Pavel Durov menyebut penangkapannya sebagai ‘salah arah’ dan membantah tuduhan bahwa aplikasinya merupakan ‘surga anarkis’
Dalam komentar publik pertamanya sejak penahanannya bulan lalu, Parel Durov menegaskan bahwa penyelidikan terhadap Telegram mengejutkan karena otoritas Prancis memiliki akses ke “saluran telepon” yang ia bantu kembangkan dan dapat menghubungi perwakilan Telegram di Uni Eropa kapan saja.
Durov berpendapat bahwa jika sebuah negara tidak puas dengan layanan internet, praktik yang seharusnya dilakukan adalah mengambil tindakan hukum terhadap layanan itu sendiri.
Ia menilai bahwa menggunakan undang-undang yang berlaku sebelum era ponsel pintar untuk mendakwa seorang CEO atas kejahatan yang dilakukan oleh pihak ketiga di platform yang dikelolanya adalah pendekatan yang keliru.
Menurutnya, Telegram mungkin tidak sempurna tetapi ia membantah adanya penyalahgunaan terkait dengan aplikasi tersebut.
Melansir The Guardian, pria kelahiran Rusia itu juga menyatakan bahwa klaim yang menyebut Telegram sebagai “surga anarkis” adalah tidak benar, menegaskan bahwa mereka menghapus jutaan posting dan saluran yang merugikan setiap hari.
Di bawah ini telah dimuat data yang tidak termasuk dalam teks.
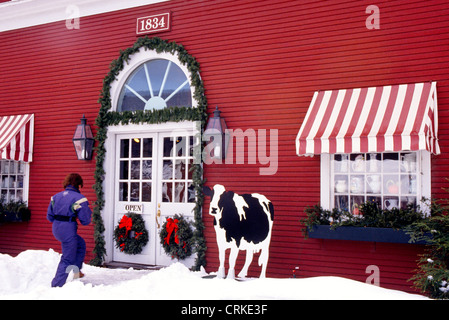 Ein Winter-Besucher betritt The Store, eine beliebte Speisen und Geschirr-Geschenk-Shop in das ehemalige 1834 Methodist Versammlungshaus in Waitsfield, Vermont, USA. Stockfoto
Durov, yang kini berkewarganegaraan Prancis, ditahan akhir bulan lalu di Prancis dalam penyelidikan terkait gambar pelecehan seksual anak, perdagangan narkoba, dan transaksi penipuan yang melibatkan aplikasi tersebut.
Ia didakwa oleh pengadilan Prancis karena diduga mengizinkan aktivitas kriminal di Telegram, namun ia terhindar dari penahanan di penjara dengan membayar jaminan sebesar €5 juta. Ia dibebaskan dengan syarat harus melapor ke kantor polisi dua kali seminggu dan tetap tinggal di Prancis.
Tuduhan terhadap Durov mencakup keterlibatan dalam penyebaran gambar seksual anak dan sejumlah pelanggaran lainnya di aplikasi perpesanan tersebut.
Penangkapannya yang mendadak telah memicu perdebatan mengenai tanggung jawab pidana Telegram, serta isu kebebasan berbicara dan pembatasan pemerintah.